§ What you will do
Transcribe the whole listing without a single picture.

(Input data Opens)

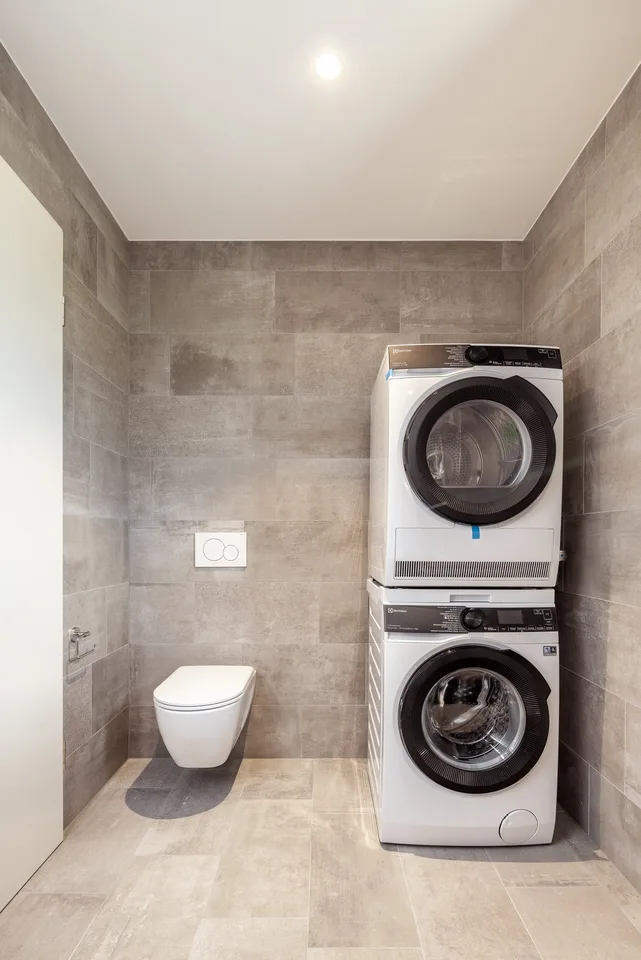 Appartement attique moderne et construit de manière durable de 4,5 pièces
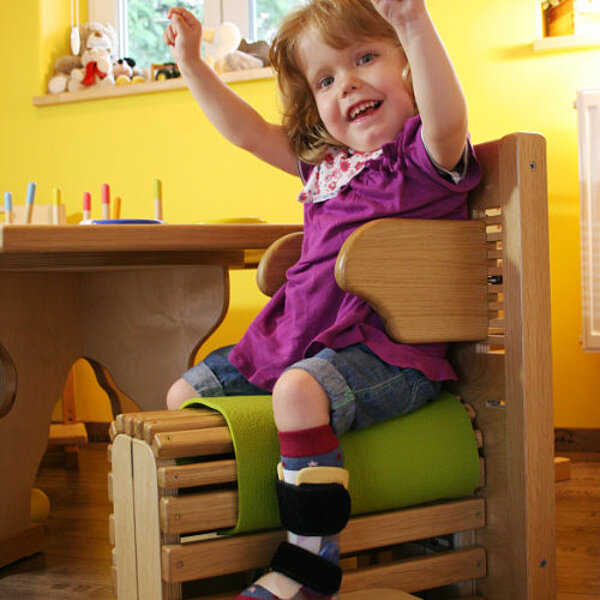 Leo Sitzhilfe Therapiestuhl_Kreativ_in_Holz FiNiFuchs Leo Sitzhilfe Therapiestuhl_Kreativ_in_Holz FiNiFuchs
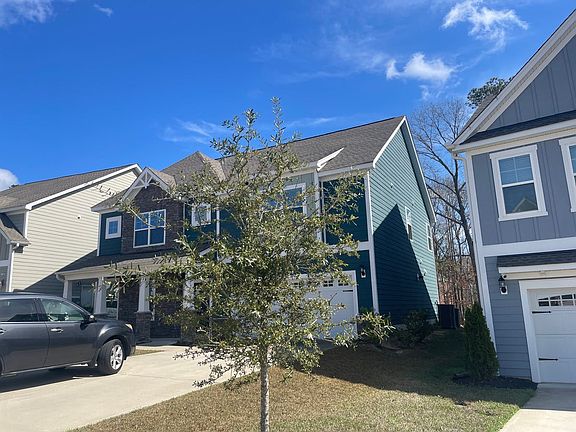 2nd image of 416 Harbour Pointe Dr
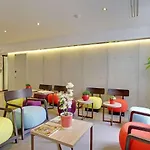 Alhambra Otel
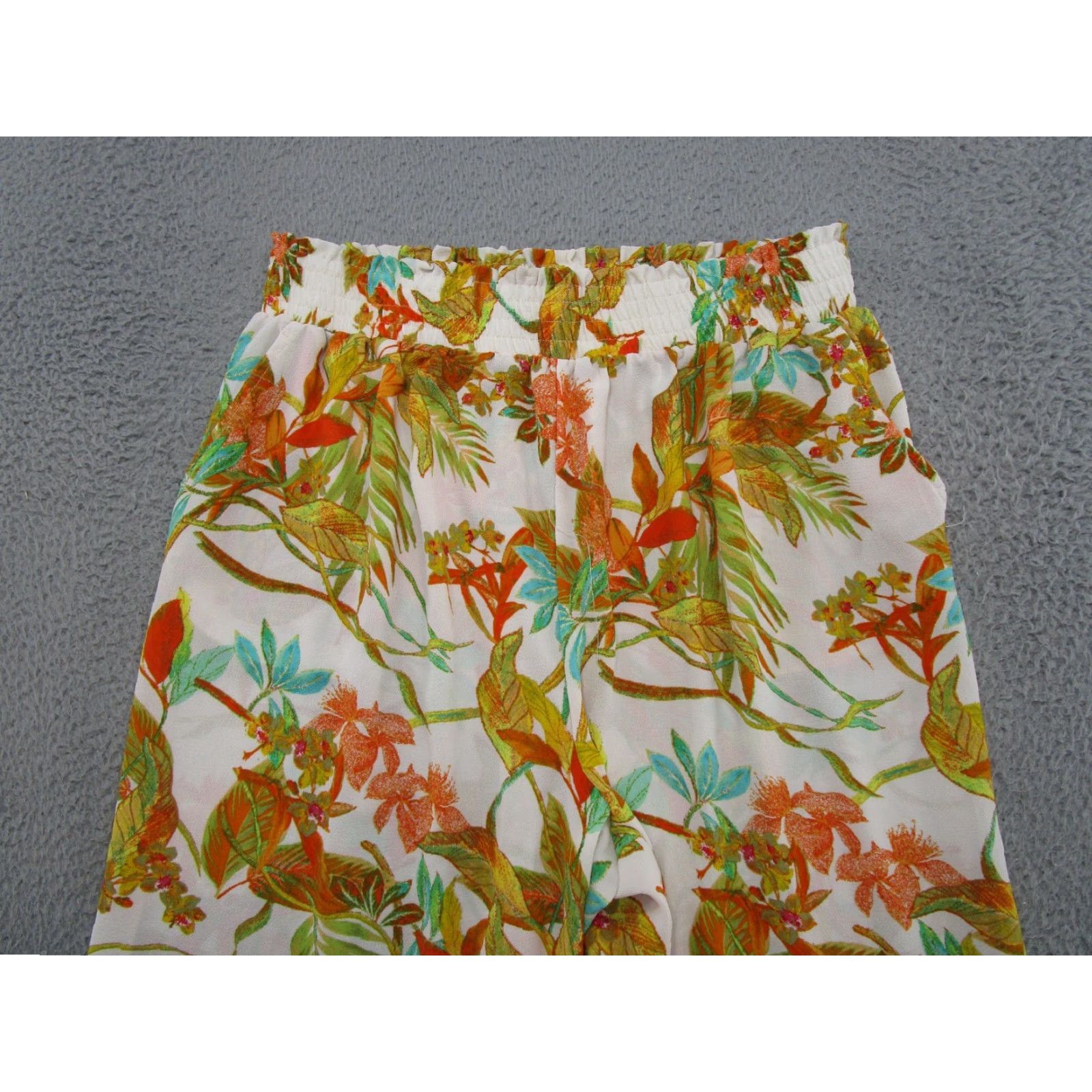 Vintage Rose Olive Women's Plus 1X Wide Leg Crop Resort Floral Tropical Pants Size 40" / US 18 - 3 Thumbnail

(Input data Closes)

§ Output of the exercise
 Appartement attique moderne et construit de manière durable de 4,5 pièces
 Leo Sitzhilfe Therapiestuhl_Kreativ_in_Holz FiNiFuchs Leo Sitzhilfe Therapiestuhl_Kreativ_in_Holz FiNiFuchs
 2nd image of 416 Harbour Pointe Dr
 Alhambra Otel
 Vintage Rose Olive Women's Plus 1X Wide Leg Crop Resort Floral Tropical Pants Size 40" / US 18 - 3 Thumbnail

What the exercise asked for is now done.